Directions for this task —
Stop at the line containing "Outsunny Outdoor Rocking": repeat exactly every line of the entries below from the first up to it, plus that line, with pictures omitted.

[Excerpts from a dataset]
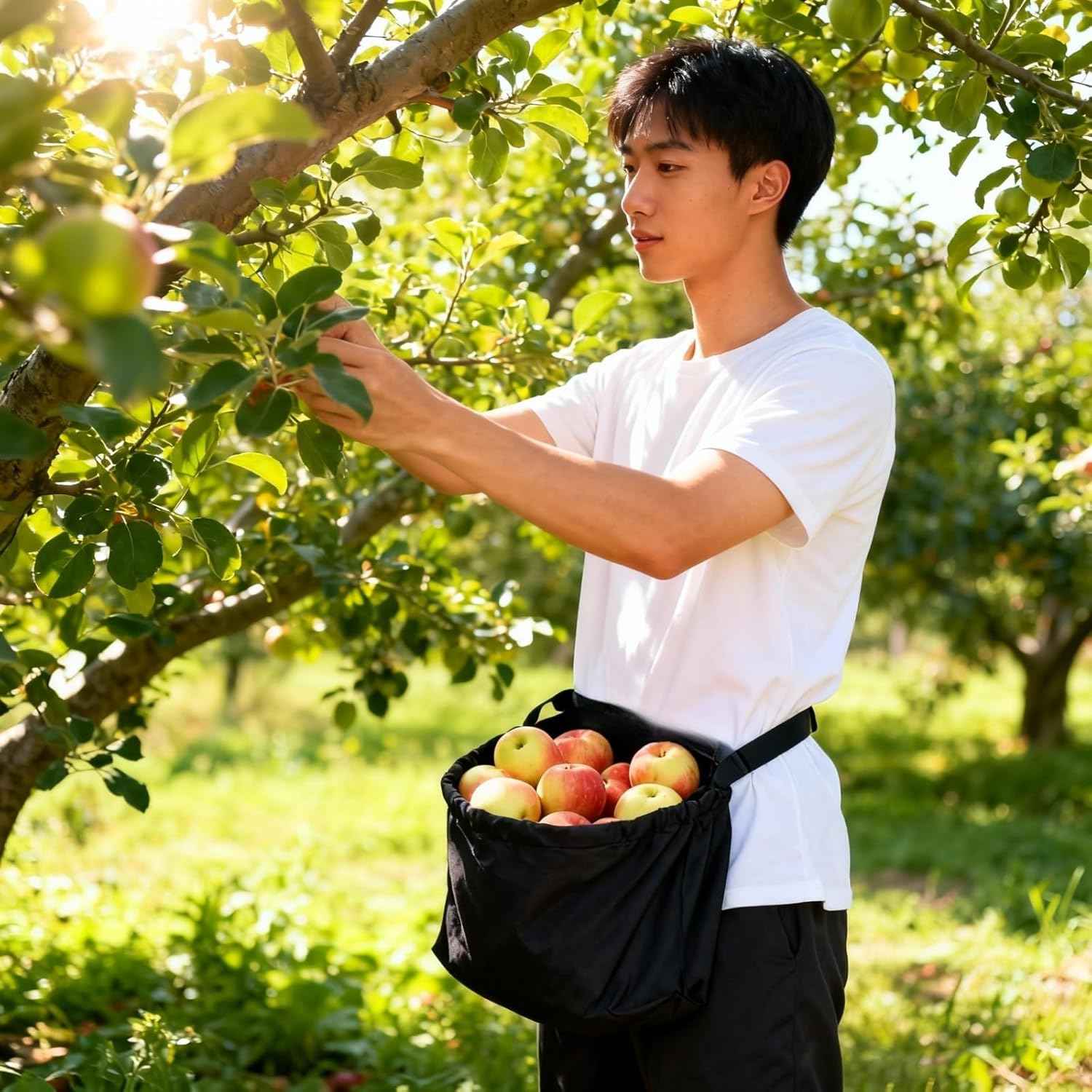Garden Harvest Apron Heavy Duty Fruit Picking Pouch Vegetable Gathering Bag Farming Waist Pouch Canvas Tool Apron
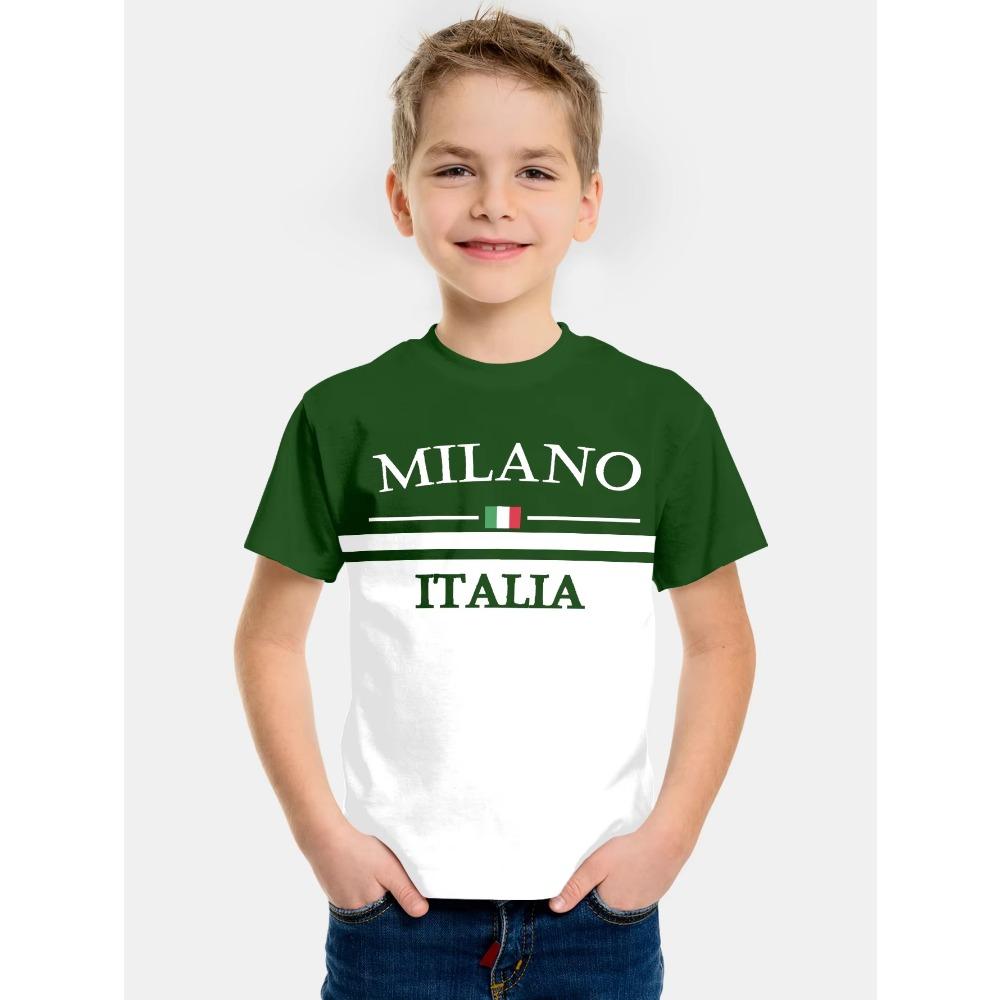 Kids Clothes Gradient Paris Printed T-Shirt Summer Outdoor Boys Girls Casual Short Sleeve Fashion Trend Street Child Top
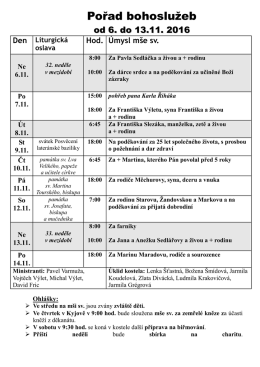 T&yacute;den od 7.11. do 14.11.2016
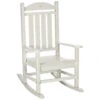 Outsunny Outdoor Rocking Chair, All Weather-Resistant HDPE Rocking Patio Chairs With Rustic High Back, Armrests, Oversized Seat And Slatted Backrest, 350lbs Weight Capacity, White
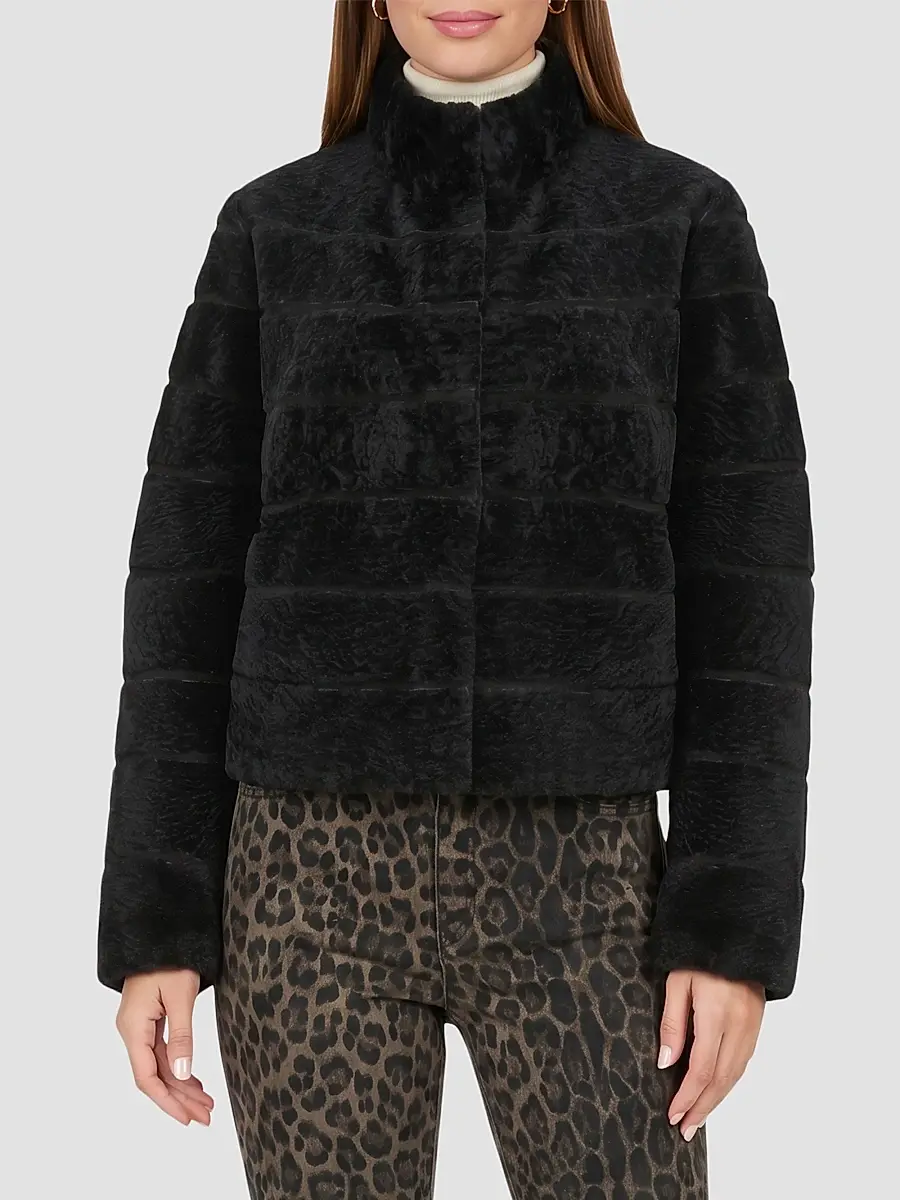 Gorski Women's Reversible Textured Shearling Lamb Jacket | Thumbnail 3 Gorski Women's Reversible Textured Shearling Lamb Jacket | Thumbnail 3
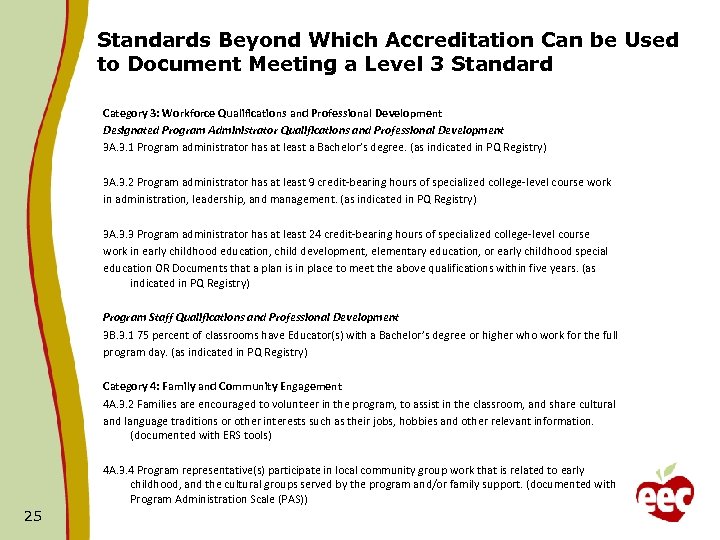 Standards Beyond Which Accreditation Can be Used to Document Meeting a Level 3 Standard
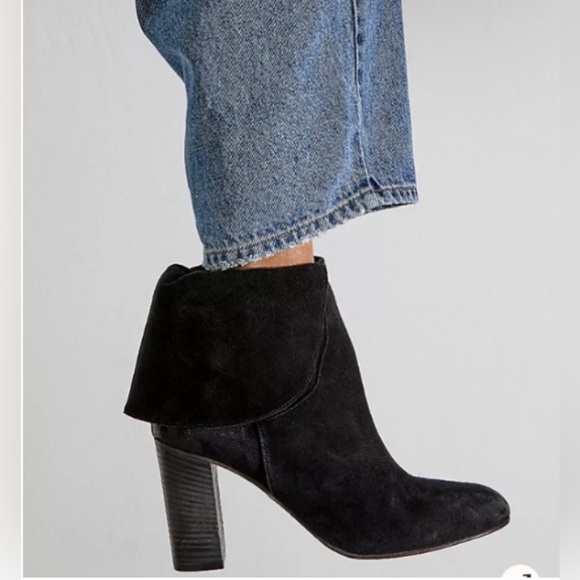 Free People Shoes - FREE PEOPLE  Mila Suede  Fulled Over Ankle Boots Black Size 39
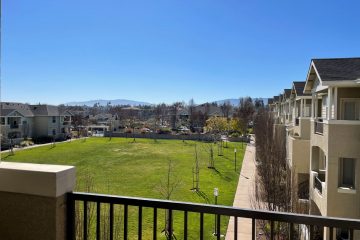 View of courtyard from apartment unit balcony patio.
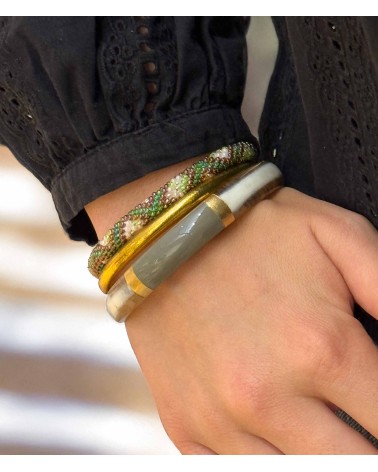 bracelet corne véritable - kaki - vert - large - doré - manchette - tendance - été - unique - coloré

Expected output —
Garden Harvest Apron Heavy Duty Fruit Picking Pouch Vegetable Gathering Bag Farming Waist Pouch Canvas Tool Apron
 Kids Clothes Gradient Paris Printed T-Shirt Summer Outdoor Boys Girls Casual Short Sleeve Fashion Trend Street Child Top
 T&yacute;den od 7.11. do 14.11.2016
 Outsunny Outdoor Rocking Chair, All Weather-Resistant HDPE Rocking Patio Chairs With Rustic High Back, Armrests, Oversized Seat And Slatted Backrest, 350lbs Weight Capacity, White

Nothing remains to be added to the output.